Sam and I stepped through the big black door, passing between the civil servants lining the hallway and applauding – the traditional ‘clapping in’ – as we walked through to the prime minister’s office. I felt exhausted, elated – but strangely at ease.

Not at ease in an entitled, born-to-rule sense. But because there is such a warmth from all the people in that building – and, for me, at least some familiarity. I’d been in No. 10 in my twenties as a young researcher and a special adviser. I had returned in my thirties for briefings on urgent issues as an MP and leader of the opposition. Now I was back, aged forty-three, as the youngest prime minister since Lord Liverpool in 1812.

But it was time to return to the 1922. As our backbench MPs clustered in the huge committee room, Samantha and I were led in by Patrick McLoughlin. ‘Colleagues, the prime minister,’ he said. There was an eruption of clapping, stamping and cheering.

Afterwards, I went back to my Commons office to thank the wider team.

I never did go back into the Shadow Cabinet Room.

In many ways, those five days in May were the most surreal and tense of my five years as opposition leader. But looking back, some of the things that looked as if they would hinder our path to power actually smoothed the way.

Take Nick Clegg. During the election campaign he had seemed like a big obstacle: the insurgent with a message of change. But the fact that we had similar temperaments and values, and were thinking the same way when crunch time came, meant that we were able to form this historic union when we had to.

And take Gordon Brown, with his determination to cling on in No. 10. While it seemed like another roadblock to us at the time, his stubbornness pushed us harder towards coalition, and bought us time to thrash things out with the Lib Dems. Had he gone straight away, we would have been forced into power in a minority arrangement that could well have failed.

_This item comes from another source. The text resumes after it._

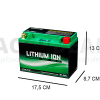 LTX20L-BS Skyrich motorfietsaccu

People have since questioned whether I exaggerated the threat of AV being imposed without a referendum in order to get Tory MPs to agree to offer the Lib Dems something on voting reform. The truth is that I was absolutely convinced that Labour had put it on the table. Why wouldn’t they? Brown was willing to sacrifice himself, so surely they were willing to do whatever it took.

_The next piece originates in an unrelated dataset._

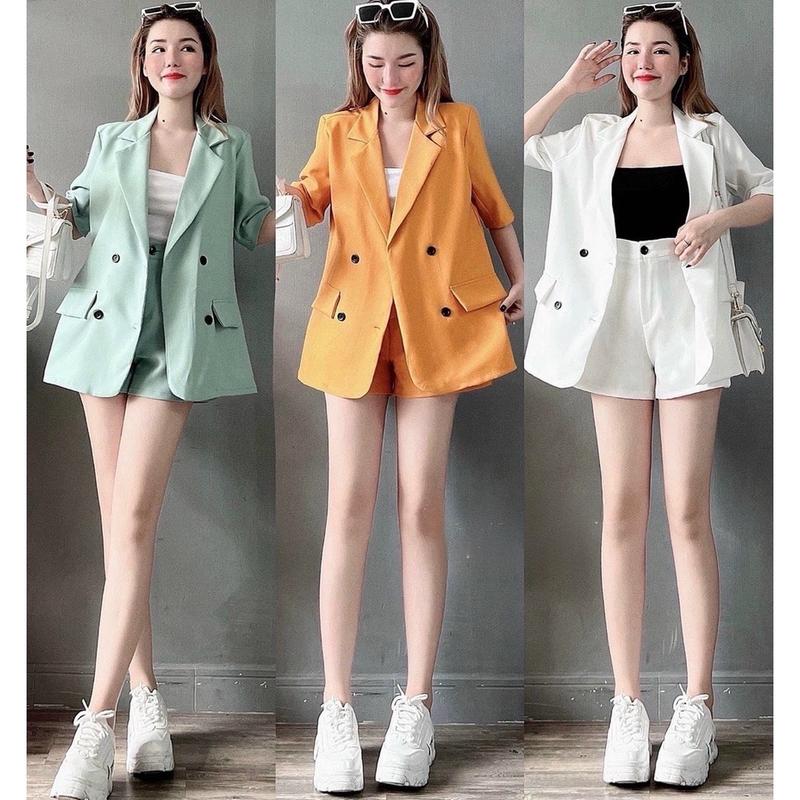 Set vest thời trang nữ tay ngắn kèm quần đùi dáng chữ A có lưng thun Bigsize 60-95kg - SVET 1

Even if they hadn’t offered AV without a referendum, they definitely were offering it with one. We would have had to match that anyway. Eventually it emerged that what had happened was somewhere between the two. Brown had said that, in the circumstances of an AV referendum, he would throw the full resources of Labour behind a ‘yes’ campaign. That was more than I was offering, and perhaps accounts for the confusing signals we were receiving at the time.

I am in no doubt that our flexibility and the concessions we were willing to make, combined with the tone we adopted from the outset, made a huge difference in bringing our two parties together.

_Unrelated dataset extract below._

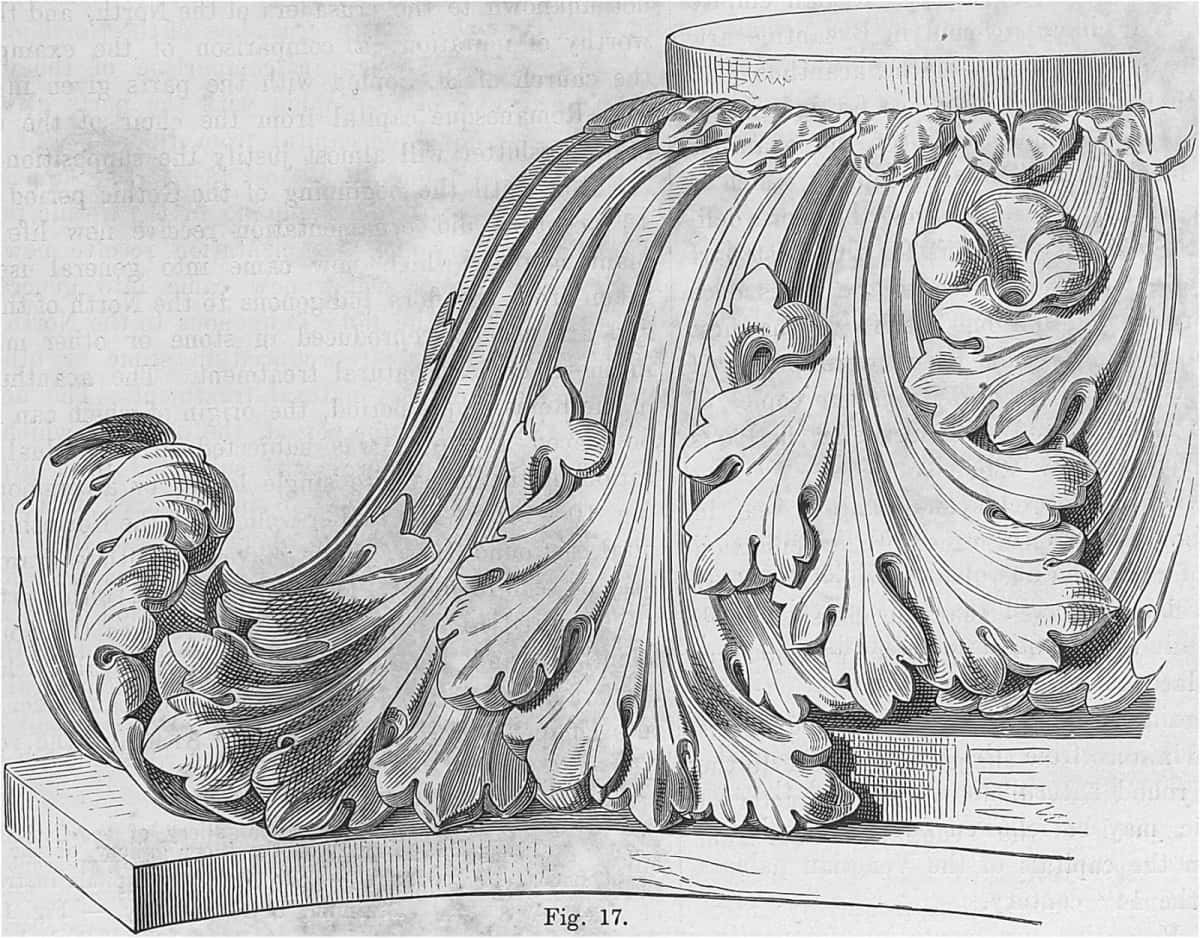 French acanthus scroll mount from the Louvre, 1871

In many ways, the boldest move wasn’t the decision to form a coalition; it was the decision to make it work. There would be many difficult arguments and painful compromises to come. Sometimes there were full-on shouting matches and accusations of bad faith. Like all governments we made mistakes and missteps. But it was to prove one of the most stable – and, I would argue, most successful – governments anywhere in Europe. And I never once regretted the course we had taken.